1. Adequate housing and services for those having exceptional needs who choose to stay in home-community settings.

2. Adequate housing and services for the elderly citizens of Texas who choose to stay in home-community settings. Protect the service programs for older Texans, such as Area Agencies on Aging, which are working well.

3. Community programs with a positive history. Maintain the local control that has produced these successful programs - do not allow restructuring (DADS) to sacrifice successful programs.

4. Continuity of effective community services.
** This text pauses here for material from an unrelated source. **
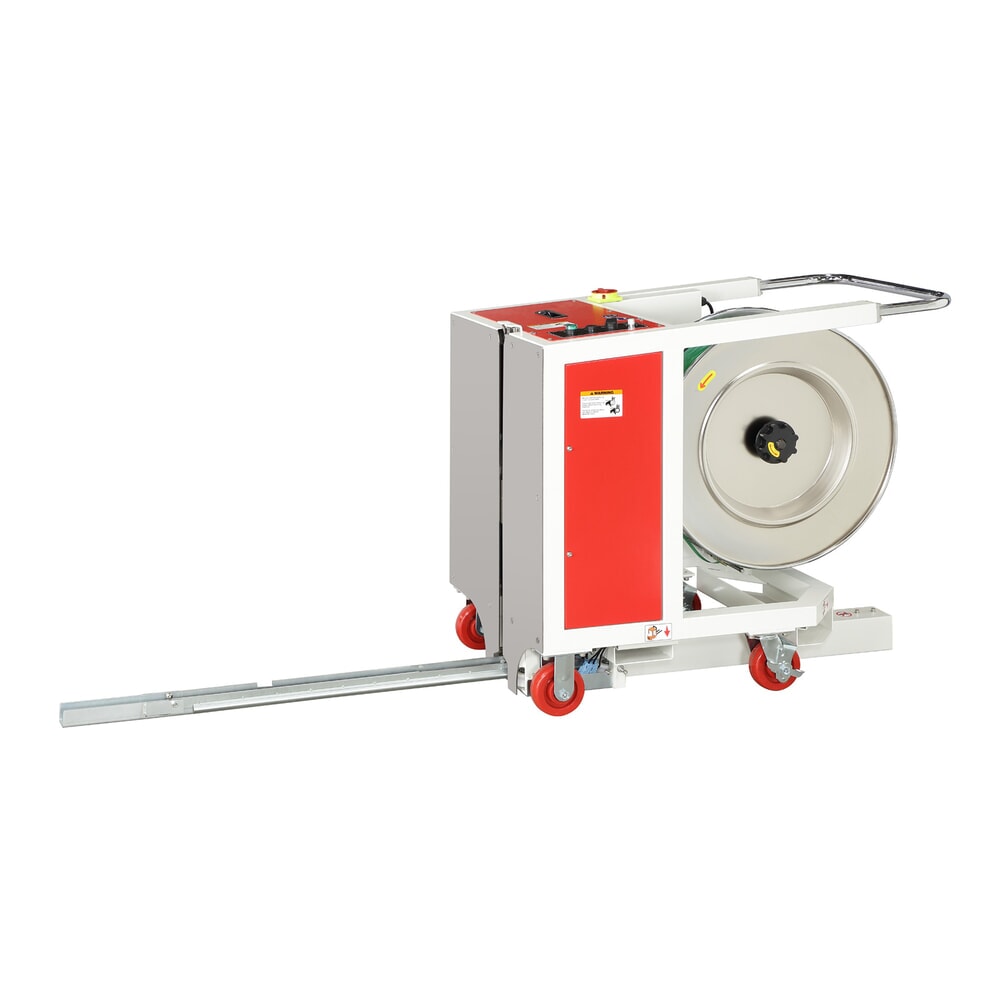 Produktabbildung: Palettenumreifungsmaschine TP-602 MV für Bandbreite 15,5 mm, halbautomatisch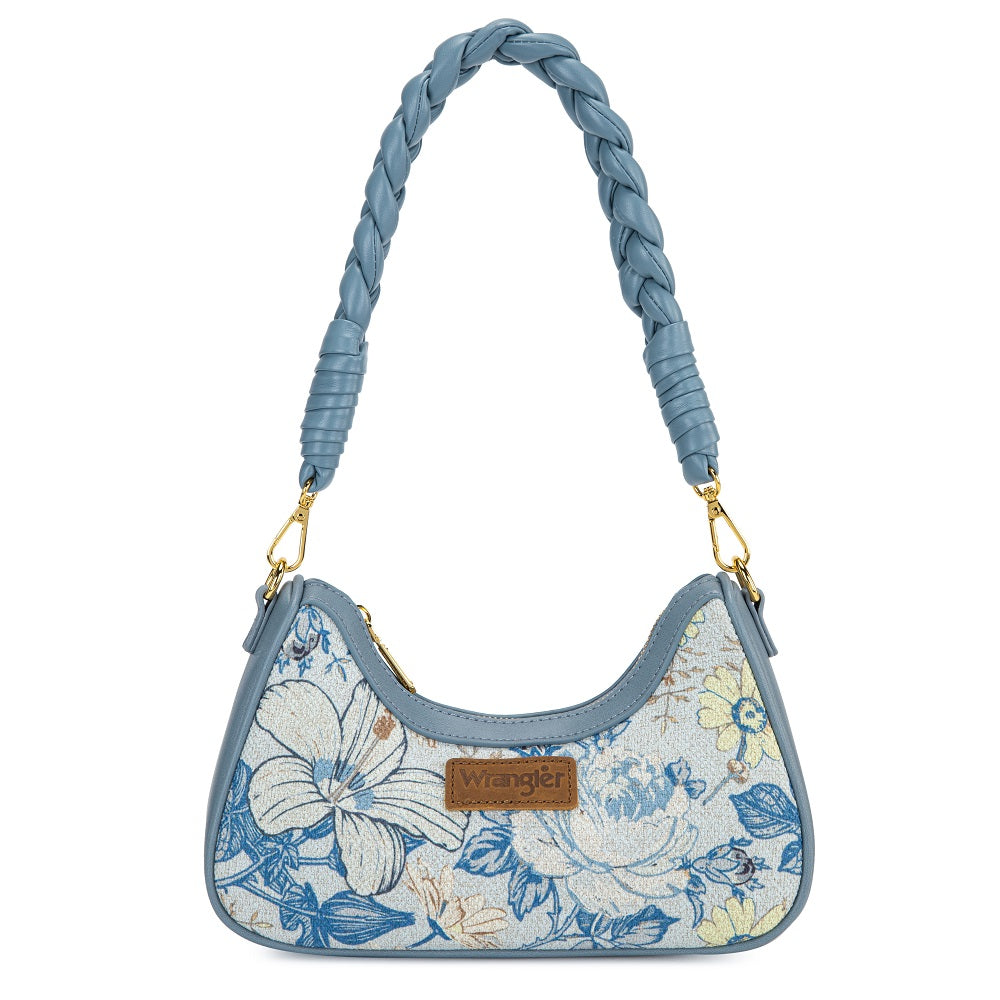 Wrangler Floral Print Braided Hobo Bag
Allow counties to do individual planning in the restructuring so to continue to use effective community services and funding i.e. food banks, local Area Agencies on Aging, etc., plus the extensive contribution by volunteers.

5. Adequate housing and programs for those living in state schools.

6. Pay scale raises to equitable levels for those providing medical and direct care to persons with disabilities to ensure qualified and sufficient personnel.

7. Elimination of the waiting list for all Medicaid Waiver Programs through proper funding of needed services.

8. Redefining the customer as the person in need of services and therefore eliminate compartmentalizing and restrictions that hamper delivery of services.

9. Consistent services for the future of all with disabilities.

10. Letting the market place determine what support is required for each individual, i.e. state school, community placement, in home and family support. The market place should determine what people need in order to minimize waste and provide appropriate service to the individual.

11. Support programs to extend guardianship for 18-year-old foster children with mental retardation or developmental disabilities to age 22 to enable the young adults to receive support as they develop life skills training, establish work situations, or complete their educations. Upon reaching the age of 22, if the guardian is not a family member, then it would become necessary for the guardian to reapply to continue the guardianship if such care and protection are needed.

12. Support voluntary emergency placements in state schools for families in crises.

13. Support those items listed in the resolution passed by the Texas Guardianship Association 5-2-2005.